In the material below, write out each line word for word and omit the pictures.

[EXERCISE DATA — start]

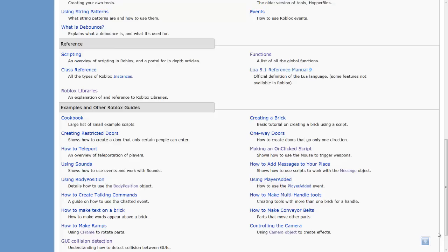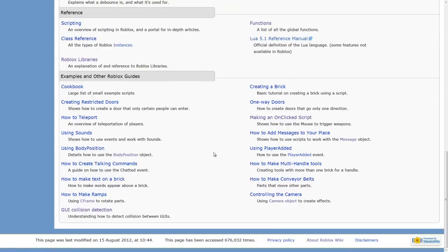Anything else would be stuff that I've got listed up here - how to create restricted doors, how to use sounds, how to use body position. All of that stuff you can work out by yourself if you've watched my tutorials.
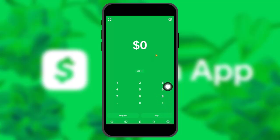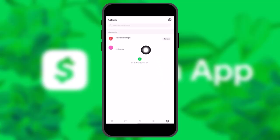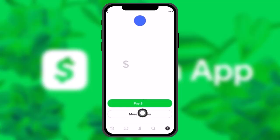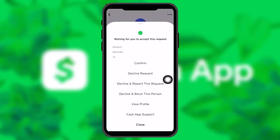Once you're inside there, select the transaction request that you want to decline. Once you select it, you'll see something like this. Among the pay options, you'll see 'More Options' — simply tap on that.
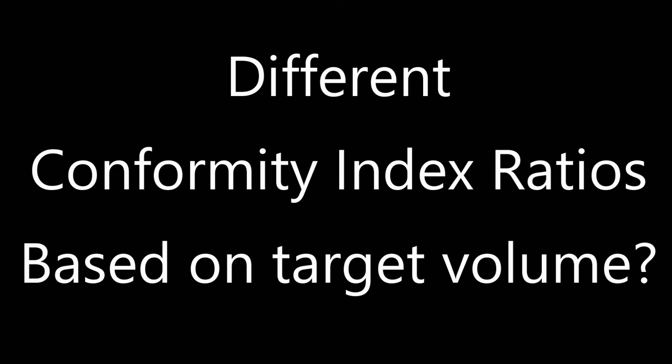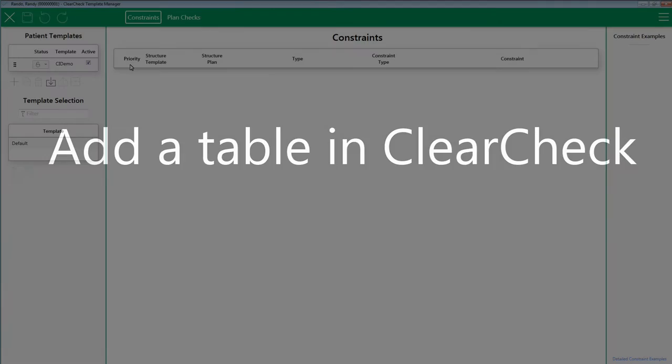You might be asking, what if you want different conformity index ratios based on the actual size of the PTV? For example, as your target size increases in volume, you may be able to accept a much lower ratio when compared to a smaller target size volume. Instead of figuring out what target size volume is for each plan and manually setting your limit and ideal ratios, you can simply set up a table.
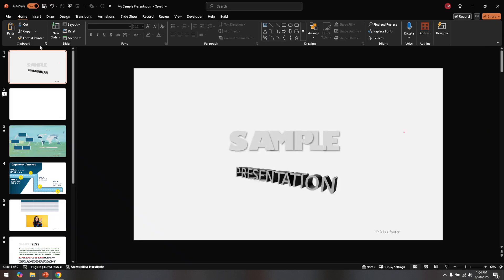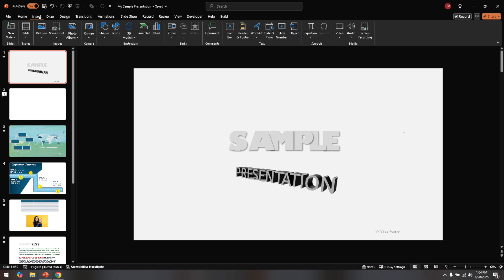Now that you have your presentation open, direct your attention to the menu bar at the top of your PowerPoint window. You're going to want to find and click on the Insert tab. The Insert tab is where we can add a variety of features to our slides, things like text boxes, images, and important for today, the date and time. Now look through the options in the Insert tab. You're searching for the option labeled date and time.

[EXERCISE DATA — finish]

● TASK OUTPUT:
Anything else would be stuff that I've got listed up here - how to create restricted doors, how to use sounds, how to use body position. All of that stuff you can work out by yourself if you've watched my tutorials.
Once you're inside there, select the transaction request that you want to decline. Once you select it, you'll see something like this. Among the pay options, you'll see 'More Options' — simply tap on that.
You might be asking, what if you want different conformity index ratios based on the actual size of the PTV? For example, as your target size increases in volume, you may be able to accept a much lower ratio when compared to a smaller target size volume. Instead of figuring out what target size volume is for each plan and manually setting your limit and ideal ratios, you can simply set up a table.
Now that you have your presentation open, direct your attention to the menu bar at the top of your PowerPoint window. You're going to want to find and click on the Insert tab. The Insert tab is where we can add a variety of features to our slides, things like text boxes, images, and important for today, the date and time. Now look through the options in the Insert tab. You're searching for the option labeled date and time.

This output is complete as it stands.